§ **Task prompt**
Return exactly the lines of the data below, from the one that contains "AIOPOP HOME Modern" through the final line, and leave out every picture.

....................

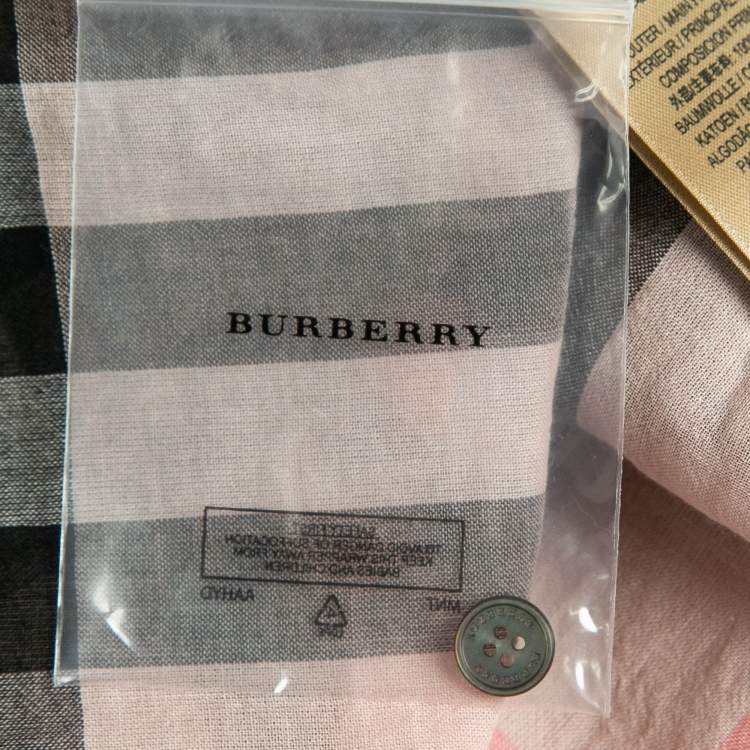 Pre Owned Burberry Pink Plaid Cotton Puff Sleeves Ruffled Button Front Top S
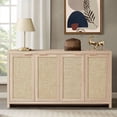 thumbnail image 4 of ARKANTOS Rattan Sideboard Buffet Cabinet with Storage, Kitchen Storage Cabinet with 4-Doors,Light Natural Oak, 4 of 10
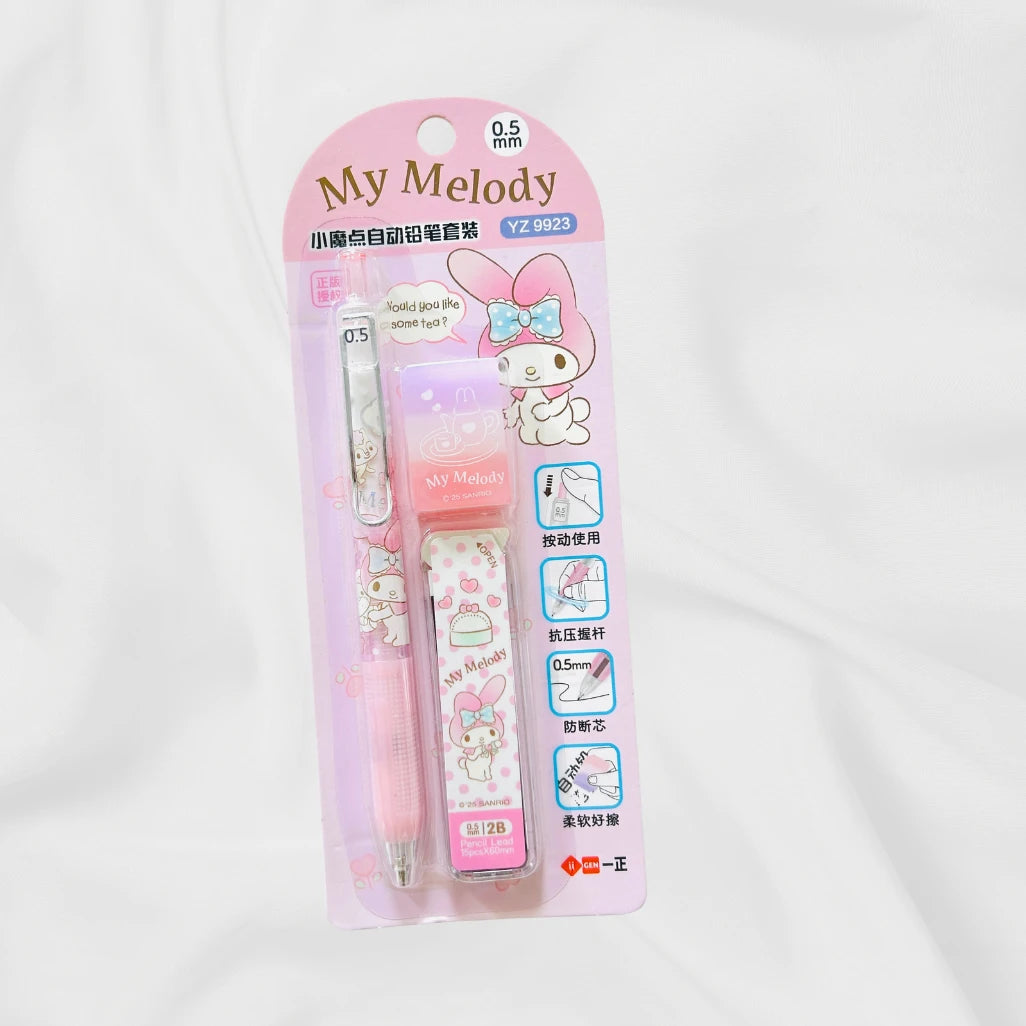 A Sanrio My Melody 0.5 mm gel pen and matching eraser set in its original pink blister packaging, displayed against a white fabric background.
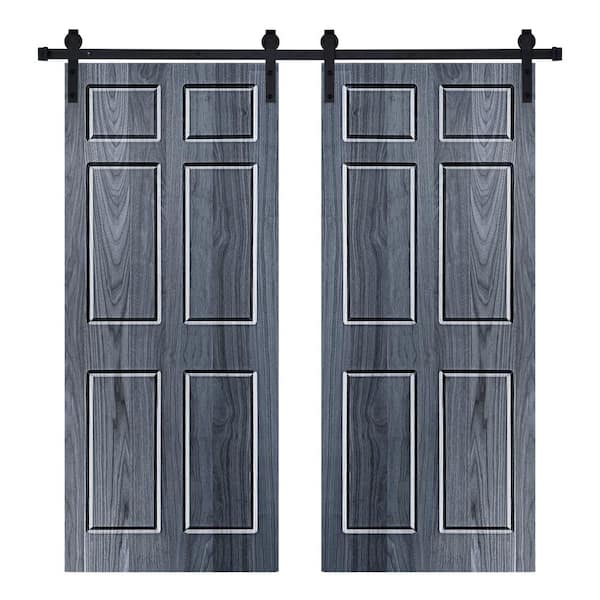 AIOPOP HOME Modern SIX PANEL Designed 48 in. x 80 in. Wood Panel Icy Gray Painted Double Sliding Barn Door with Hardware Kit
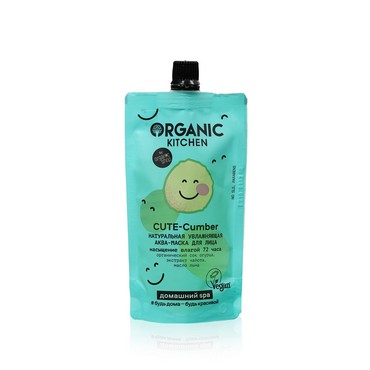 Натуральная увлажняющая аква - маска для лица Organic Kitchen " Cute-Cumber " 100мл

....................

§ **Exercise output**
 AIOPOP HOME Modern SIX PANEL Designed 48 in. x 80 in. Wood Panel Icy Gray Painted Double Sliding Barn Door with Hardware Kit
 Натуральная увлажняющая аква - маска для лица Organic Kitchen " Cute-Cumber " 100мл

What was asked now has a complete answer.